*Description of the task:* All of the lines below need to be copied exactly, apart from the pictures.

[Entries taken from a collection]
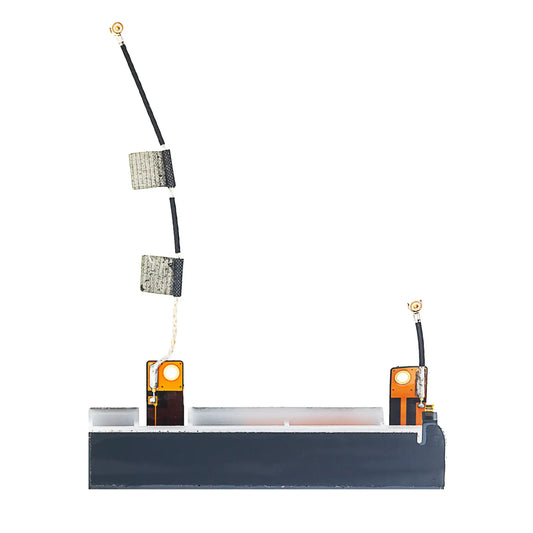 Left Cellular Antenna Flex Cable For iPad 2 (CDMA)
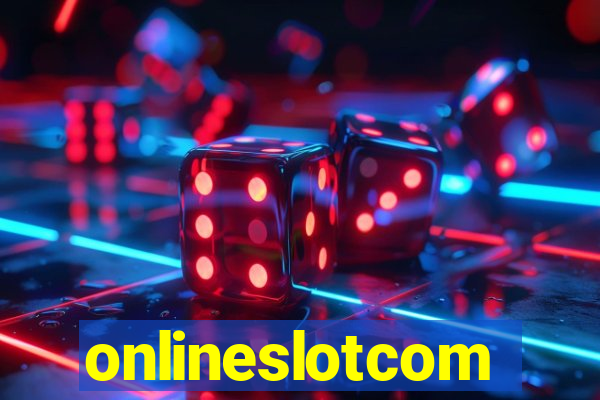 onlineslotcom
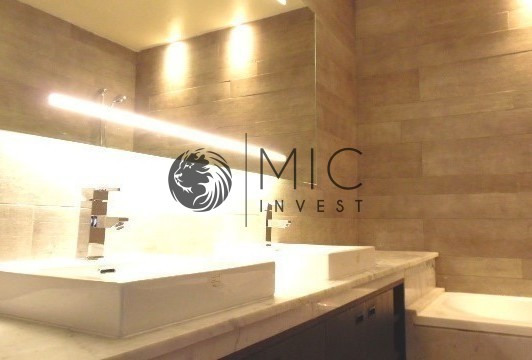Appartement 200 m² f Hay Hassani — 9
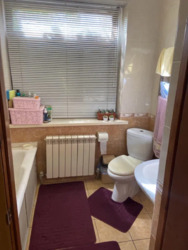 Продается частный дом на Артема. фото 5 Продается частный дом на Артема. фото 5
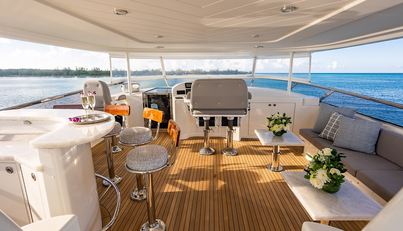 Kemosabe For Sale image10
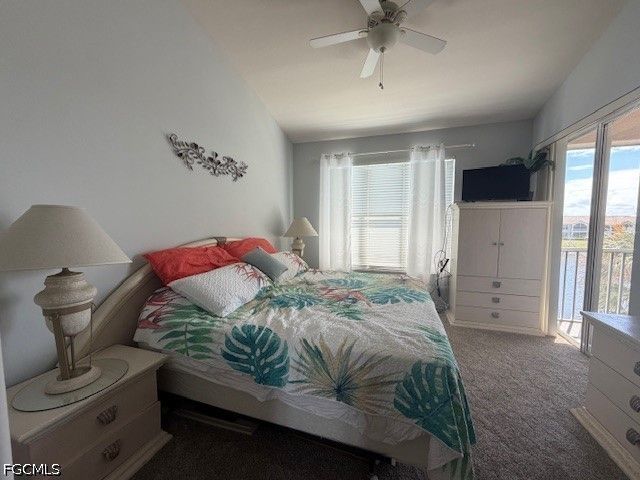16471 Millstone CIR 303, Fort Myers, FL 33908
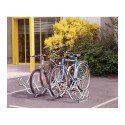 https://www.4mepro.es/35292-medium_default/aparcabicicletas-6-bicicletas.jpg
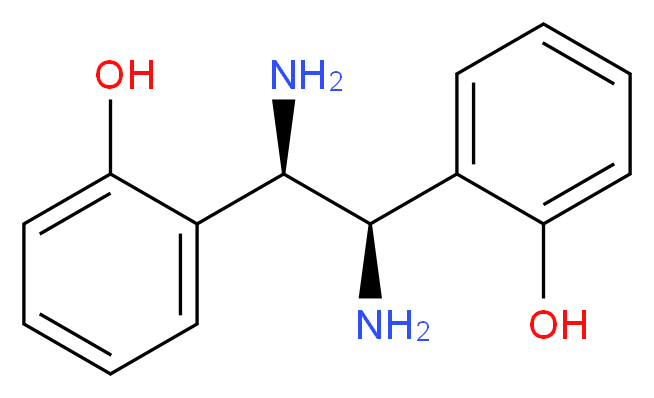 870991-70-1 molecular structure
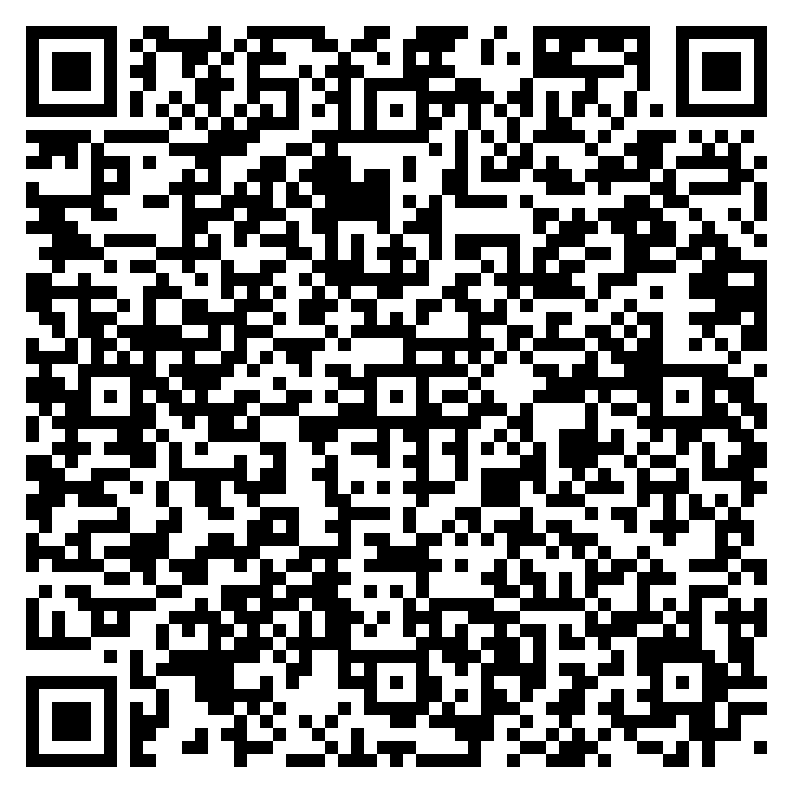 Andrzej Lisakowski RESTAURACJA CZARNY KOŃ BALTIC EVENTS AGENCJA PROMOCJI QR code QR code 19028420500000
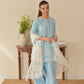 Alisha Set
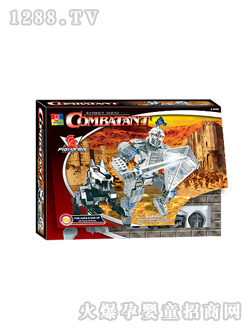 ���R�C(j��)����C9560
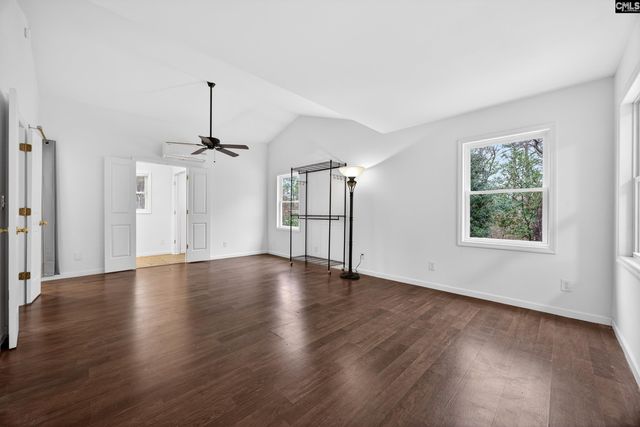 2668 Steven Campbell Road, Elgin, SC 29045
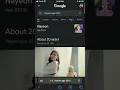 Download Lagu Nayeon 2015 vs 2022 #twice #nayeon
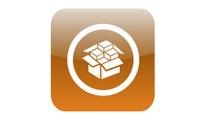 Tutoriel Jailbreak iOS 7 : comment changer l'icône de Cydia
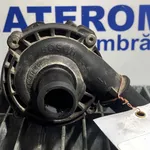 POMPA RECIRCULARE APA NISSAN NAVARA 3.0 dCi 2004-2013 oe-144B0JG70A, vedere frontata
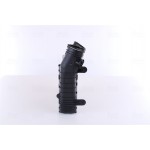 Nissens Ψυγείο Αέρα Υπερπλήρωσης - 96731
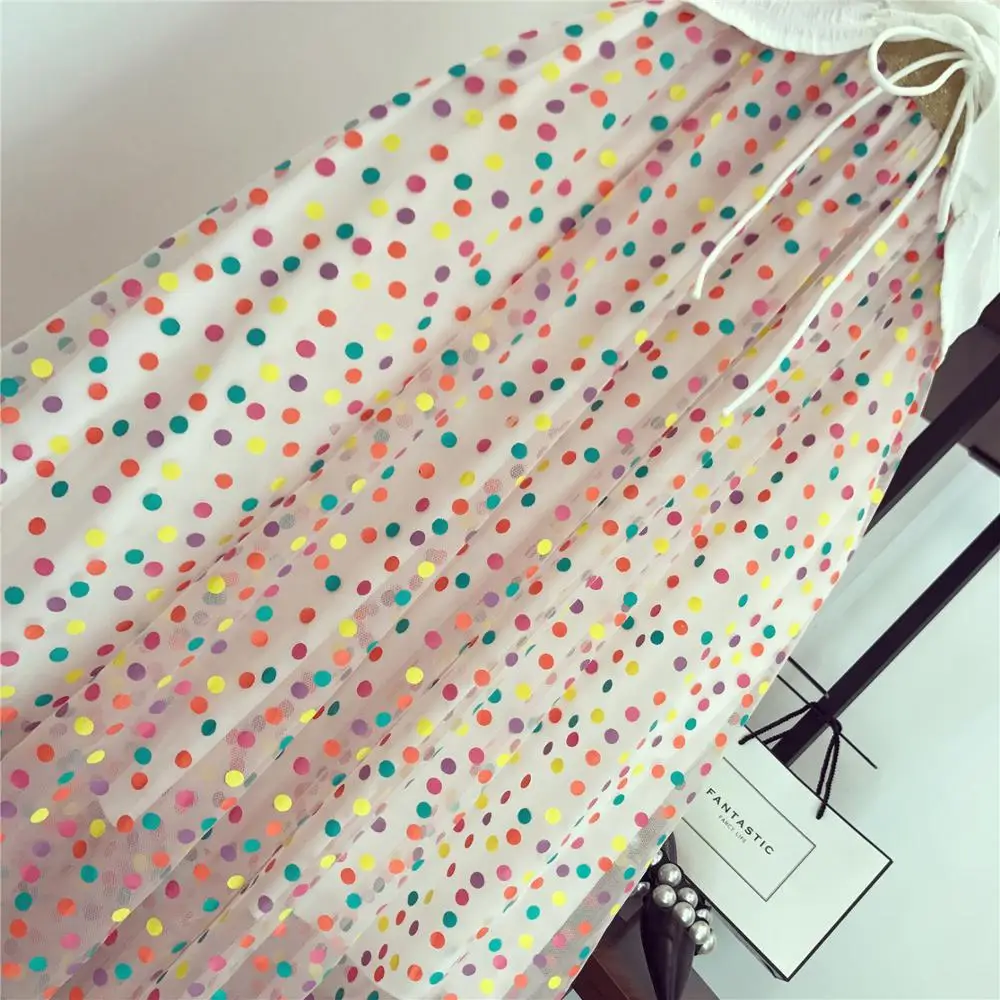 2019 г. летняя модная дизайнерская блузка с рюшами и квадратным воротником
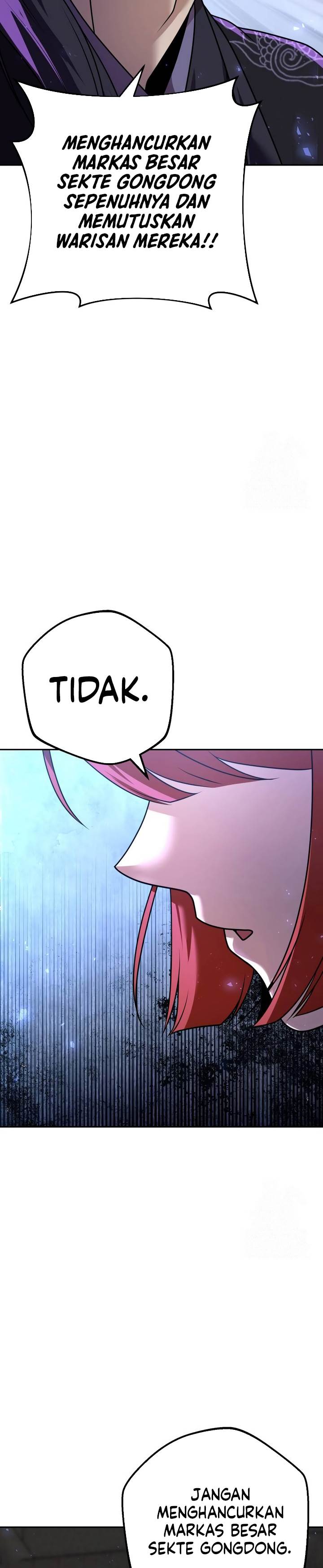 image-komik-the-second-eunuch-regains-his-manhood-chapter-21-37/54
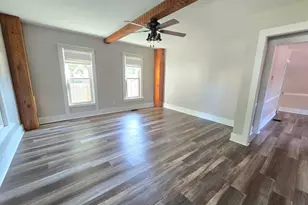 514 N Union St, Galion, OH 44833 - Photo 15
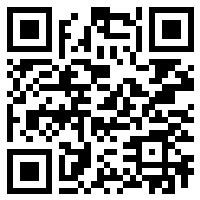 QR Code for XcZ653f9SFyMGN7o6YbzKSRMtx3DFcc9mb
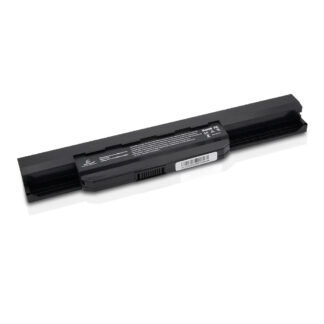 Bateria Laptop Compatible Asus K43 K53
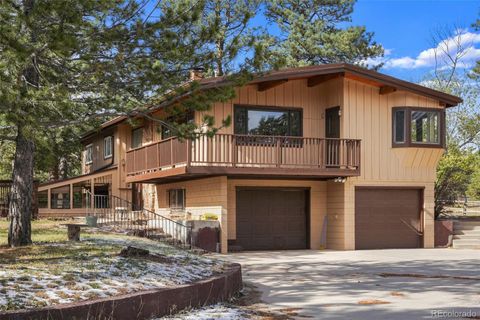 Featured picture for the property 4735361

*Expected answer:*
 Left Cellular Antenna Flex Cable For iPad 2 (CDMA)
 onlineslotcom
Appartement 200 m² f Hay Hassani — 9
 Продается частный дом на Артема. фото 5 Продается частный дом на Артема. фото 5
 Kemosabe For Sale image10
16471 Millstone CIR 303, Fort Myers, FL 33908
 https://www.4mepro.es/35292-medium_default/aparcabicicletas-6-bicicletas.jpg
 870991-70-1 molecular structure
 Andrzej Lisakowski RESTAURACJA CZARNY KOŃ BALTIC EVENTS AGENCJA PROMOCJI QR code QR code 19028420500000
 Alisha Set
 ���R�C(j��)����C9560
 2668 Steven Campbell Road, Elgin, SC 29045
 Download Lagu Nayeon 2015 vs 2022 #twice #nayeon
 Tutoriel Jailbreak iOS 7 : comment changer l'icône de Cydia
 POMPA RECIRCULARE APA NISSAN NAVARA 3.0 dCi 2004-2013 oe-144B0JG70A, vedere frontata
 Nissens Ψυγείο Αέρα Υπερπλήρωσης - 96731
 2019 г. летняя модная дизайнерская блузка с рюшами и квадратным воротником
 image-komik-the-second-eunuch-regains-his-manhood-chapter-21-37/54
 514 N Union St, Galion, OH 44833 - Photo 15
 QR Code for XcZ653f9SFyMGN7o6YbzKSRMtx3DFcc9mb
 Bateria Laptop Compatible Asus K43 K53
 Featured picture for the property 4735361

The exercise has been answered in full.